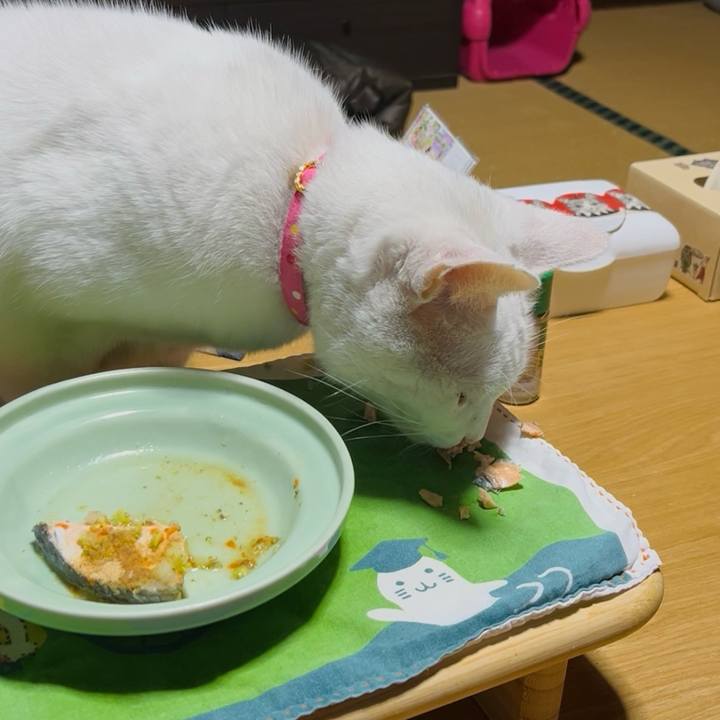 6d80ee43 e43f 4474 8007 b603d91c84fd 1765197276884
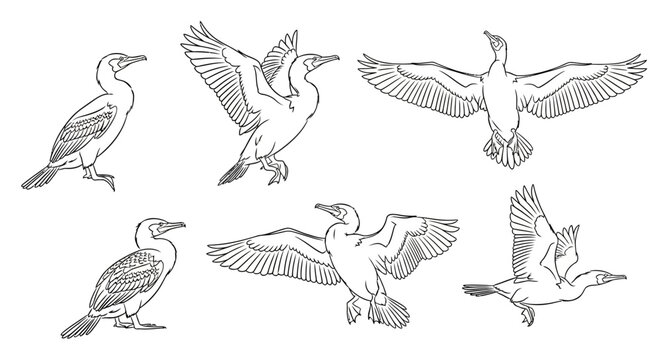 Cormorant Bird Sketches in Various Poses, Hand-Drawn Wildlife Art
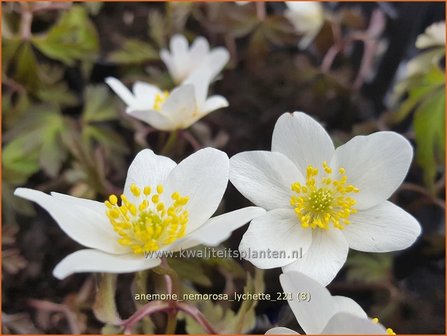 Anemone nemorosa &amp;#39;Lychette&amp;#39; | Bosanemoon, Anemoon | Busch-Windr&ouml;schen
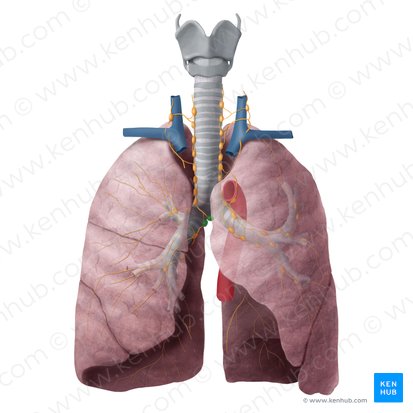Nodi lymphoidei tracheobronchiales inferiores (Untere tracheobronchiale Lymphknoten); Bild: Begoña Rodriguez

...

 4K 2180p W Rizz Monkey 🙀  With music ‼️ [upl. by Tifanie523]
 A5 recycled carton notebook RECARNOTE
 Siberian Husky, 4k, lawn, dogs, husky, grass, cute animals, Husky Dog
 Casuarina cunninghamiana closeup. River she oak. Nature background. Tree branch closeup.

◆ **The problem**: What you return must match, character for character, the lines above from the one with "6d80ee43 e43f 4474" through the one with "Nodi lymphoidei tracheobronchiales", minus any pictures.

◆ **Task solution**:
 6d80ee43 e43f 4474 8007 b603d91c84fd 1765197276884
 Cormorant Bird Sketches in Various Poses, Hand-Drawn Wildlife Art
 Anemone nemorosa &amp;#39;Lychette&amp;#39; | Bosanemoon, Anemoon | Busch-Windr&ouml;schen
Nodi lymphoidei tracheobronchiales inferiores (Untere tracheobronchiale Lymphknoten); Bild: Begoña Rodriguez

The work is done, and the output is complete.